Что именно будет подобной «истиной», которую надо выявить? Как правило, ей будет внутреннее негативное соотношение, присутствие некоего толерируемого зла уже внутри «оппонента», своеобразного второго центра душевной жизни. Это, например, всевозможные низменные страсти, телесные слабости, напрямую органы тела – затронуть их агрессивно и является, как правило, оскорблением или злом. Вроде бы это сфера подчиненного, несущественного – но именно поэтому она является сферой этической уязвимости. И наоборот, истина «добра» – вскрытие тайных политических целей, высших религиозных устремлений, запрос квазирелигиозной «любви» имеют подобный же смысл выявить «подноготную» человека. Тело и душа взаимно содержат (потенциально) бессознательные центры, которые сами по себе являются объектами атаки, злонамеренной фиксации, а истину содержат только внутри этических отношений, в рамках внутренней архитектуры толерантности и самопреодоления у того или иного субъекта. Другой извне атакует/провоцирует субъекта в его саморасщеплении, и в этом рефлексивном удвоении – «корень зла», а заодно и добра как перспективы интеграции всех этих уровней.

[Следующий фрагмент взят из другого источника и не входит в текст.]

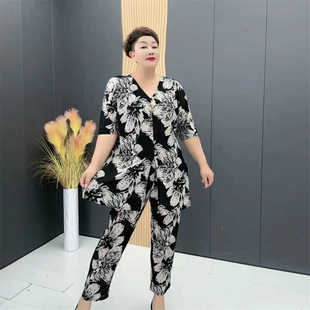 2026年新款胖MM高级感宽松显瘦大码速干网眼碎花V领短袖薄两件套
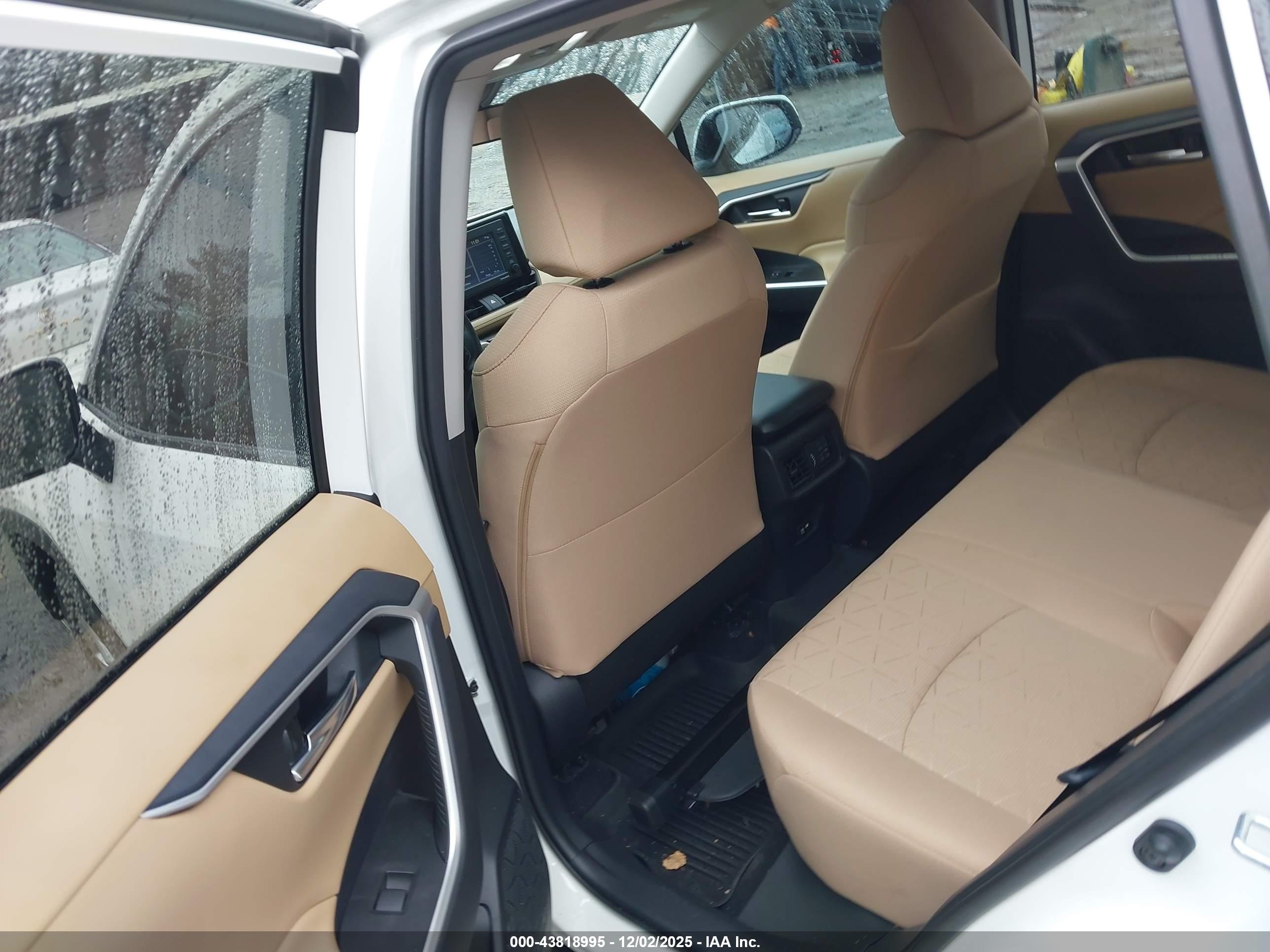 TOYOTA RAV4 image 8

Итак, антиномия этической негативности разрешается: добро и зло не совсем одно и то же, но добро – это риск зла в той мере, в которой оно переплетается с истиной, правдой. (Неслучайно слово «правда» этимологически связано с пробой, проверкой[130].) Истина и добро в классическом понимании – это две различные, но неотъемлемые и параллельные характеристики бытия, но в диалектике добра и зла они вступают в локальное противоречие, которое разрешается в синтезе идеала, а в узком социальном смысле – в синтезе признания. Признание позволяет добру интегрировать зло как момент собственной нехватки и собственного самоограничения, как негативность собственного желания в Другом. Тем не менее само по себе соотношение этики и истины проблематично в силу того, что истина, в сущностном ее изводе, может быть разрушительной. Уже у Платона благо поднимается над истиной («по ту сторону сущности») и санкционирует «благородную ложь», и в нововременной традиции нередки апологии обмана во благо (например, в пьесе Максима Горького «На дне»). Недавнее предложение «этики истин» Бадью убедительно в той мере, в которой истина рассматривается как конструирование нового «родового» порядка, поднимающегося над ситуацией. Это истина-идеал, истина-благо и благо истины. Но она изначально поднимается из вполне узнаваемого понимания истины в обычном смысле: ситуация расщепляется на официально целостную и на не посчитанные в ней скрытые элементы, выход же этих элементов наружу рассматривается как одновременно истина и благо первого уровня («событие»). И вот здесь могут возникнуть вопросы: обязательно ли подобное обнаружение – «признание» – само по себе является благом, ведь люди, например, могли намеренно скрываться от подсчета, и какова роль официальной ситуации в признании события таковым, ведь условием истины было, получается, соотношение явленной и неявленной групп.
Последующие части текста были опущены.